Can you imagine Steve Jobs, flames are shooting out of his ears and mouth, not to mention other orifices, making the Iceland volcanic eruption look small in comparison.

A bad day at Apple headquarters.

.


----------



## tomdkat (May 6, 2006)

Well, the phone could have also been "leaked" to steer attention away from the Droids out there.

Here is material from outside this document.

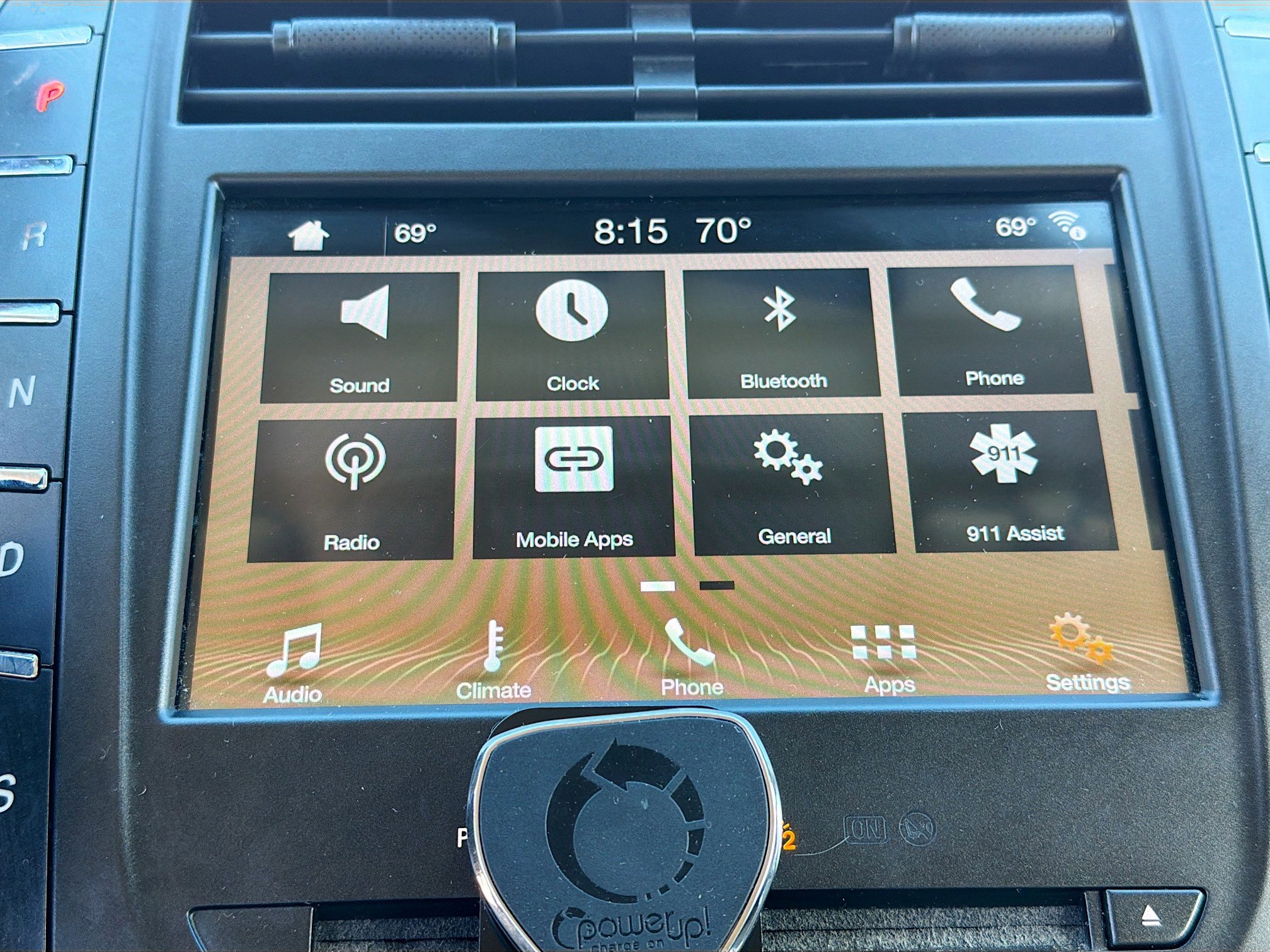 Used 2017 Lincoln MKC Select FWD image 31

Doing this gets people clamoring over the iPhone again, the way Apple wants it.

Just something else to think about.

Otherwise, given how secretive Apple tends to be about this kind of stuff, I can't imagine someone taking a *prototype* to a *bar* unless the person is trying to impress a potential mate for later on that night...  LOL

Peace...


----------



## loserOlimbs (Jun 19, 2004)

Looks much better to me, though I would take the Nexus 1 or Incredible light years before an inferior iProduct...


----------



## Mumbodog (Oct 3, 2007)

Gizmodo paid $10,000 for the lost iPhone

http://www.edibleapple.com/gizmodo-paid-10000-for-lost-iphone-4g/


----------



## paisanol69 (Sep 7, 2005)

Mumbodog said:


> Gizmodo paid $10,000 for the lost iPhone
> 
> http://www.edibleapple.com/gizmodo-paid-10000-for-lost-iphone-4g/


...I wonder if thats the same price Steve intends to charge for everyone , once its released to market


----------



## Mumbodog (Oct 3, 2007)

Gizmodo's Editor Jason Chen is served a search warrant, computers seized.

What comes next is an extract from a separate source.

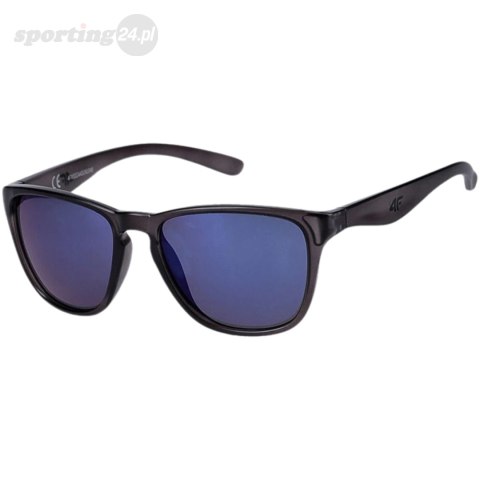 Okulary przeciwsłoneczne 4F U048 niebieskie 4FWSS24ASUNU048 33S 4F Okulary przeciwsłoneczne 4F U048 niebieskie 4FWSS24ASUNU048 33S 4F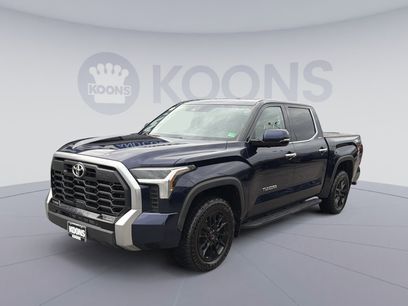 Used 2022 Toyota Tundra Limited w/ TRD Off-Road Package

http://gizmodo.com/5524843/police-seize-jason-chens-computers

http://www.businessinsider.com/meet-the-man-that-busted-gizmodos-editor-2010-4

.

.


----------



## loserOlimbs (Jun 19, 2004)

Mumbodog said:


> Gizmodo's Editor Jason Chen is served a search warrant, computers seized.
> 
> http://gizmodo.com/5524843/police-seize-jason-chens-computers
> 
> ...


Ridiculous! It was returned and the journalist did their job...

Reason 1,000,027 why not to buy an iProduct for me.


----------



## loserOlimbs (Jun 19, 2004)

Update on the iPhone crime:
http://news.cnet.com/8301-13579_3-20003615-37.html

The best part:

San Mateo County prosecutors are defending the search of a Gizmodo.com editor's home and seizure of his computers that were part of a criminal investigation into an iPhone prototype lost by an Apple employee.


----------



## Mumbodog (Oct 3, 2007)

Gizmodo's Brian Lams email to Steve Jobs.

http://www.networkworld.com/community/node/61295



> "Hey Steve, this email chain is off the record on my side.
> 
> I understand the position you're in, and I want to help, but it conflicts with my own responsibilities to give the phone back without any confirmation that its real, from apple, officially.
> 
> ...


.


----------



## prunejuice (Apr 3, 2002)

tomdkat said:


> Well, the phone could have also been "leaked" to steer attention away from the Droids out there. Doing this gets people clamoring over the iPhone again, the way Apple wants it.


Winner-winner, chicken dinner!


----------